Microwave photonic frequency measurements are usually reported using frequency-to-power mapping, frequency-to-space mapping, and frequency-to-time mapping approaches. For frequency measurement based on frequency-to-power mapping, an amplitude comparison function (ACF) is normally built utilizing a dispersive element [4], optical filters [5], or optical mixing [6] to convert the unknown frequency to a power ratio. However, the frequency-to-power mapping scheme can only measure microwave frequency with a single tone, thus greatly limiting its applications for practical scenarios.

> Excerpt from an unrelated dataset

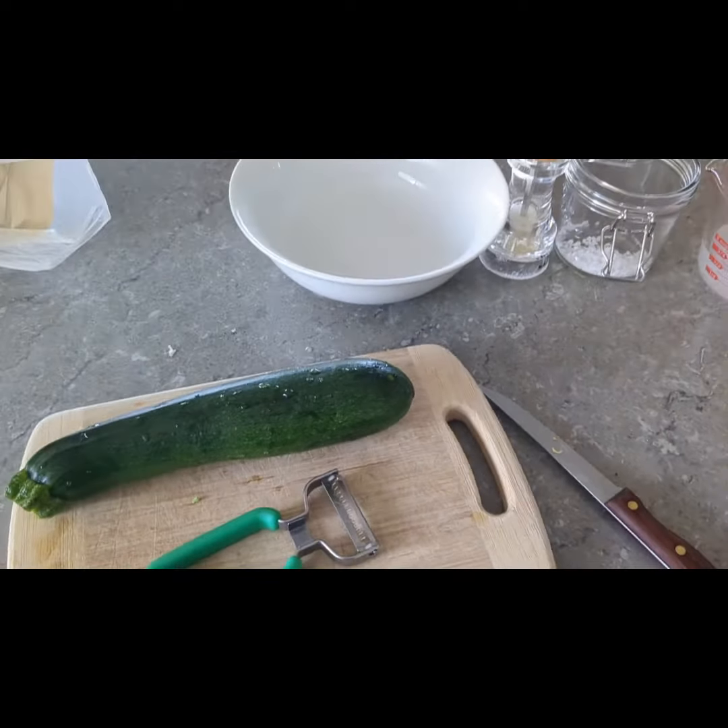I'm going to ferment zucchini, make them into zoodles. In the bowl I've got some salt, then I'll sprinkle some more salt and massage it in to make a bit of a brine. I've got a peaked teaspoon of salt in the jar, and there's my quarter cup of Cultured Wellness coconut water kefir.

The principle of microwave frequency measurement based on frequency-to-space mapping is an actual conversion from microwave frequency to distributions at different spatial positions or amplitude distributions of different optical channels [7]. The limitation of the frequency-to-power mapping and frequency-to-space mapping approaches is that they are hardly reconfigurable. A noteworthy channelization method involves the use of sawtooth wave modulation to generate an optical frequency comb for frequency measurement [8]. The signal under test is down-converted into a low-frequency pair due to channelization. The unknown frequency is determined by the amplitude and frequency of the frequency pair. However, because the intensity difference between channels decreases with the increase in the number of channels, the measurement range is limited to the first eight channels. When accounting for the frequency response flatness and noise levels of the devices, the frequency measurement range and accuracy are further constrained. For the frequency-to-time mapping scheme, microwave frequency can be obtained with pulse identification. The stimulated Brillouin scattering effect, Fourier domain mode-locked lasers, or optoelectronic oscillators is used to assist in generating a pulse [7,9,10,11,12,13,14,15]. However, the mentioned schemes usually involve the usage of optical fiber dispersion [16] or a complicated channelizer [9].

In this paper, we present a microwave photonic frequency measurement scheme based on the pulse identification method. The advantage of our scheme is the ability to double the bandwidth of the linearly chirped microwave (LCM) signal to measure an unknown signal at a broad bandwidth by removing the undesired sidebands. The unknown microwave signal along with an LCM signal are modulated by upper and lower MZMs, respectively, to an optical carrier using a dual-polarization Mach–Zehnder modulator (DPMZM). By filtering out the undesired optical carrier and the optical sidebands at the high-frequency side, only optical sidebands at the low-frequency side are sent to a photodetector (PD). This means that we can measure an unknown signal at a broad bandwidth.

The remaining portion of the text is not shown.